Correlation Between NVR and GigaMedia
Can any of the company-specific risk be diversified away by investing in both NVR and GigaMedia at the same time? Although using a correlation coefficient on its own may not help to predict future stock returns, this module helps to understand the diversifiable risk of combining NVR and GigaMedia into the same portfolio, which is an essential part of the fundamental portfolio management process.
By analyzing existing cross correlation between NVR Inc and GigaMedia, you can compare the effects of market volatilities on NVR and GigaMedia and check how they will diversify away market risk if combined in the same portfolio for a given time horizon. You can also utilize pair trading strategies of matching a long position in NVR with a short position of GigaMedia. Check out your portfolio center. Please also check ongoing floating volatility patterns of NVR and GigaMedia.

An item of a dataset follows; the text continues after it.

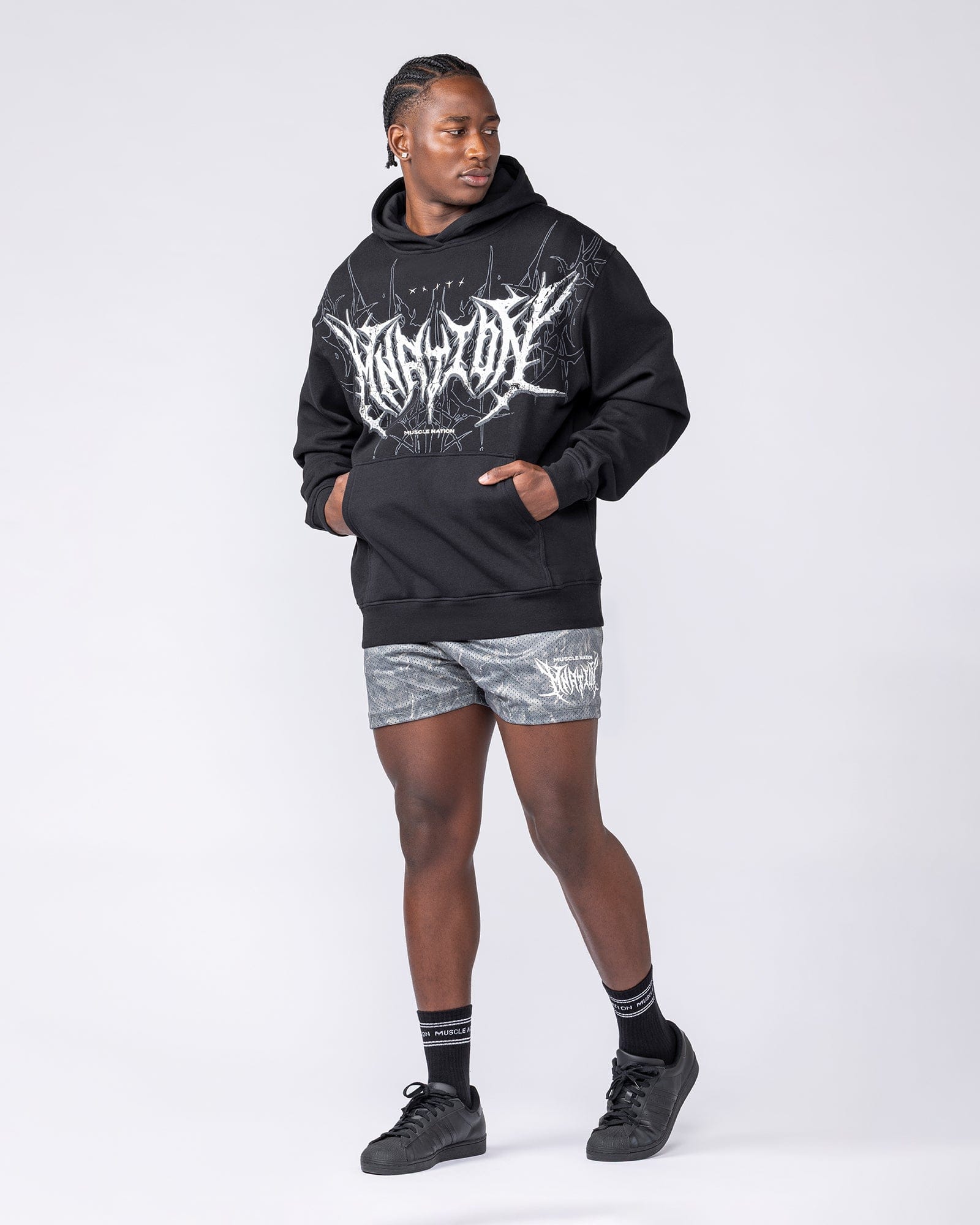 Gothic Oversized Hoodie Black | Men's Hoodie | Muscle Nation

Diversification Opportunities for NVR and GigaMedia
Very good diversification
The 3 months correlation between NVR and GigaMedia is -0.3. Overlapping area represents the amount of risk that can be diversified away by holding NVR Inc and GigaMedia in the same portfolio, assuming nothing else is changed. The correlation between historical prices or returns on GigaMedia and NVR is a relative statistical measure of the degree to which these equity instruments tend to move together. The correlation coefficient measures the extent to which returns on NVR Inc are associated (or correlated) with GigaMedia. Values of the correlation coefficient range from -1 to +1, where. The correlation of zero (0) is possible when the price movement of GigaMedia has no effect on the direction of NVR i.e., NVR and GigaMedia go up and down completely randomly.
Pair Corralation between NVR and GigaMedia
Assuming the 90 days horizon NVR Inc is expected to under-perform the GigaMedia. But the stock apears to be less risky and, when comparing its historical volatility, NVR Inc is 1.21 times less risky than GigaMedia. The stock trades about -0.22 of its potential returns per unit of risk. The GigaMedia is currently generating about 0.05 of returns per unit of risk over similar time horizon. If you would invest 134.00 in GigaMedia on December 1, 2024 and sell it today you would earn a total of 7.00 from holding GigaMedia or generate 5.22% return on investment over 90 days.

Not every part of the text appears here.